> **Directions**: Reproduce every line of the material, exactly as given.

> **Records for this exercise**:
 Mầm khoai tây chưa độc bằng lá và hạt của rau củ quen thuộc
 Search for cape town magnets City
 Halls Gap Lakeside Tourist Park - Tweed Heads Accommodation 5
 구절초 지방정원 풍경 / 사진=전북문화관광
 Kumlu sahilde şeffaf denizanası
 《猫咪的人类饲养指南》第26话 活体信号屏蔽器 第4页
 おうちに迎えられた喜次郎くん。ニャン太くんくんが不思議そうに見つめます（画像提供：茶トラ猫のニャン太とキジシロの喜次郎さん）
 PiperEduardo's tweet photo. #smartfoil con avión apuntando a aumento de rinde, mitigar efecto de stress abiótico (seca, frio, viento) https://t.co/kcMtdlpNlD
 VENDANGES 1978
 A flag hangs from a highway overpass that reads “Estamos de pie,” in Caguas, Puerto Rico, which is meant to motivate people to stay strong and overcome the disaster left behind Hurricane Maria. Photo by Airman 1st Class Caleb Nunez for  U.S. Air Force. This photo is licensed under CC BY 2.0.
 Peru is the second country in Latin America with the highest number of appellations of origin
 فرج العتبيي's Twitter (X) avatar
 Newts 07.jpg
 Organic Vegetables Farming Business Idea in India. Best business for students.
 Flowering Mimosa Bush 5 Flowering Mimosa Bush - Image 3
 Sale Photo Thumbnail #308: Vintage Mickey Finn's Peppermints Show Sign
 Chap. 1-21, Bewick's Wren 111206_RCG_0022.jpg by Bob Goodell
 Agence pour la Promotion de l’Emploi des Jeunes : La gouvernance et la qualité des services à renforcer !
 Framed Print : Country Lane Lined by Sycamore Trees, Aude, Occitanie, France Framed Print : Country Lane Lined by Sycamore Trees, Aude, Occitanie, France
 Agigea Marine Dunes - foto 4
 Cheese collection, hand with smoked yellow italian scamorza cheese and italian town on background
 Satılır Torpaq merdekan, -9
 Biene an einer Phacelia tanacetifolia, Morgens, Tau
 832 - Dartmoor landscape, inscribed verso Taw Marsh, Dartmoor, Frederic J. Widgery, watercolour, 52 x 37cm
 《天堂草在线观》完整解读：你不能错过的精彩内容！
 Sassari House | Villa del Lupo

> **Output for this exercise**:
 Mầm khoai tây chưa độc bằng lá và hạt của rau củ quen thuộc
 Search for cape town magnets City
 Halls Gap Lakeside Tourist Park - Tweed Heads Accommodation 5
 구절초 지방정원 풍경 / 사진=전북문화관광
 Kumlu sahilde şeffaf denizanası
 《猫咪的人类饲养指南》第26话 活体信号屏蔽器 第4页
 おうちに迎えられた喜次郎くん。ニャン太くんくんが不思議そうに見つめます（画像提供：茶トラ猫のニャン太とキジシロの喜次郎さん）
 PiperEduardo's tweet photo. #smartfoil con avión apuntando a aumento de rinde, mitigar efecto de stress abiótico (seca, frio, viento) https://t.co/kcMtdlpNlD
 VENDANGES 1978
 A flag hangs from a highway overpass that reads “Estamos de pie,” in Caguas, Puerto Rico, which is meant to motivate people to stay strong and overcome the disaster left behind Hurricane Maria. Photo by Airman 1st Class Caleb Nunez for  U.S. Air Force. This photo is licensed under CC BY 2.0.
 Peru is the second country in Latin America with the highest number of appellations of origin
 فرج العتبيي's Twitter (X) avatar
 Newts 07.jpg
 Organic Vegetables Farming Business Idea in India. Best business for students.
 Flowering Mimosa Bush 5 Flowering Mimosa Bush - Image 3
 Sale Photo Thumbnail #308: Vintage Mickey Finn's Peppermints Show Sign
 Chap. 1-21, Bewick's Wren 111206_RCG_0022.jpg by Bob Goodell
 Agence pour la Promotion de l’Emploi des Jeunes : La gouvernance et la qualité des services à renforcer !
 Framed Print : Country Lane Lined by Sycamore Trees, Aude, Occitanie, France Framed Print : Country Lane Lined by Sycamore Trees, Aude, Occitanie, France
 Agigea Marine Dunes - foto 4
 Cheese collection, hand with smoked yellow italian scamorza cheese and italian town on background
 Satılır Torpaq merdekan, -9
 Biene an einer Phacelia tanacetifolia, Morgens, Tau
 832 - Dartmoor landscape, inscribed verso Taw Marsh, Dartmoor, Frederic J. Widgery, watercolour, 52 x 37cm
 《天堂草在线观》完整解读：你不能错过的精彩内容！
 Sassari House | Villa del Lupo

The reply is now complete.